Kelly Pingilley was trying to make sense of the voices in her head when she went looking for answers on the Internet.
She stumbled upon a website promoting a religion that believes in UFOs, vampires, conspiracy theories and doomsday prophecies.
Pingilley was drawn to the writings of time travel and people’s thoughts being controlled by cell phone towers, friends said. With the teachings feeding into her delusions, Pingilley’s behavior grew increasingly erratic.
In December, she wrote in a personal blog that the world was about to end in a lurid outburst of cannibalism, bestiality and the moon dripping blood. One week later she killed herself. She was 22.
The family believes that Sherry Shriner, the woman behind the website of this fringe religion, filled Kelly’s head with thoughts that attributed to her suicide. Cult expert Rick Ross notes in the piece that the combination of mental instability and “a destructive cult” can be dangerous. But who is ultimately to blame. It is the circumstances that all lined up. Not all followers of Shriner go out and kill themselves. But the ideas put out there by such groups are horrible. But this gets worse…

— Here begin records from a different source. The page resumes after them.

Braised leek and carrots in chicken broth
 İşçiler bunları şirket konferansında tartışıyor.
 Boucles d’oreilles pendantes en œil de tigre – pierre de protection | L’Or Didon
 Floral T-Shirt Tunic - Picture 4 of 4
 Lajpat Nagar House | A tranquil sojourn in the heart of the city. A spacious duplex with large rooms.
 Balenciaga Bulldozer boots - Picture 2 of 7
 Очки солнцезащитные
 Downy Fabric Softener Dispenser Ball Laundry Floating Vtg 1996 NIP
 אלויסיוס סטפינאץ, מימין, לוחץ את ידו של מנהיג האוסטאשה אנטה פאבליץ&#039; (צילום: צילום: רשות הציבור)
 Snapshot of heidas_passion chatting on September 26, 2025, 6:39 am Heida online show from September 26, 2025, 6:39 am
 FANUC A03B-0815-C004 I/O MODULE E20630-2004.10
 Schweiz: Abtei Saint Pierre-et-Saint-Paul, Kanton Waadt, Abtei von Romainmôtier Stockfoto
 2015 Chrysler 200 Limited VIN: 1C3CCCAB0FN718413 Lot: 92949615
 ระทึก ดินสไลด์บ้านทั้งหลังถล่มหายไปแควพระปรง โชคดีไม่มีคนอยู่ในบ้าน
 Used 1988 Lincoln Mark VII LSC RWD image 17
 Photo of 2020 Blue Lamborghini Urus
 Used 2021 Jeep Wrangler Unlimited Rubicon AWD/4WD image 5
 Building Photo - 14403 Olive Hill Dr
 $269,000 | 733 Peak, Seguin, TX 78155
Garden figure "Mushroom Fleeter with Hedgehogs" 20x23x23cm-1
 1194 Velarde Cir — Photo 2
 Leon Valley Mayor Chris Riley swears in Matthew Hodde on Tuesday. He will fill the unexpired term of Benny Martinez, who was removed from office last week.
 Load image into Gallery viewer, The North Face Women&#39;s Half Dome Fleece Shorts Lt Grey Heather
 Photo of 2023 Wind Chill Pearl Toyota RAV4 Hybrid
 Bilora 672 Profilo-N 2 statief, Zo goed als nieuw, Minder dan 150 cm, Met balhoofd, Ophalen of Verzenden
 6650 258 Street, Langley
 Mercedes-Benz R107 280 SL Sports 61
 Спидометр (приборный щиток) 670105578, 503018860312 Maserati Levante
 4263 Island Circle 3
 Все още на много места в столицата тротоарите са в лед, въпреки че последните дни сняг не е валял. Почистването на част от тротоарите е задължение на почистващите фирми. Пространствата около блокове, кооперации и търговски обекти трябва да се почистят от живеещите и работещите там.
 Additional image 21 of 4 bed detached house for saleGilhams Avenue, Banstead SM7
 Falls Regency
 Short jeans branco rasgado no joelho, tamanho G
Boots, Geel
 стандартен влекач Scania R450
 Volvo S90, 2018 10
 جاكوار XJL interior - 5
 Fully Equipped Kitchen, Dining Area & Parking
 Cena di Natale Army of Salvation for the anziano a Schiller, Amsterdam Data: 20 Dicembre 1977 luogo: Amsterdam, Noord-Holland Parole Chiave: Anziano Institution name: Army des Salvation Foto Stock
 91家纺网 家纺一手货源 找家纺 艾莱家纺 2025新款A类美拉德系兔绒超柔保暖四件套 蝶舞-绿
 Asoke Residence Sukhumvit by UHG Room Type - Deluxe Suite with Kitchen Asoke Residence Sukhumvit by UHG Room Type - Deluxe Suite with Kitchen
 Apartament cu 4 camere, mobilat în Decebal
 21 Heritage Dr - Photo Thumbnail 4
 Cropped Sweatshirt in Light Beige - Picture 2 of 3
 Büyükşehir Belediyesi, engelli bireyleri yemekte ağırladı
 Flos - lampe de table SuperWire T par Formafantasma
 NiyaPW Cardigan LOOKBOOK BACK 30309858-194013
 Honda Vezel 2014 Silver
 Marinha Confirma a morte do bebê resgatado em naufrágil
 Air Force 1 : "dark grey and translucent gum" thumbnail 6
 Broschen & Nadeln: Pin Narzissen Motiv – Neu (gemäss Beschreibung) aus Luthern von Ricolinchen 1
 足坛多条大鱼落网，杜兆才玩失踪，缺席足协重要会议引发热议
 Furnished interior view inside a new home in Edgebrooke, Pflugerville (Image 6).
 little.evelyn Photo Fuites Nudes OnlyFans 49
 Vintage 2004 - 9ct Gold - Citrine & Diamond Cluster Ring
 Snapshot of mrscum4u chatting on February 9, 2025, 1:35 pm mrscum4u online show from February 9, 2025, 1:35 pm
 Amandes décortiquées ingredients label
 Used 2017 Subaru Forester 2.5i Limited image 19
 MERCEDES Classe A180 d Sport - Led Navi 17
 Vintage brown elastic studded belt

Shriner was friends with Kelly who helped on her website. She disavows any responsibility. Also her family did not say they sought help for Kelly either. Shriner does not believe Pingilley killed herself. “She said the death was made to look like a suicide by the people who really killed her — a NATO hit squad.”
Yeah, this is destructive stuff, alright.
What’s the harm in fringe beliefs? They may take you down a dark dark path when it presents itself.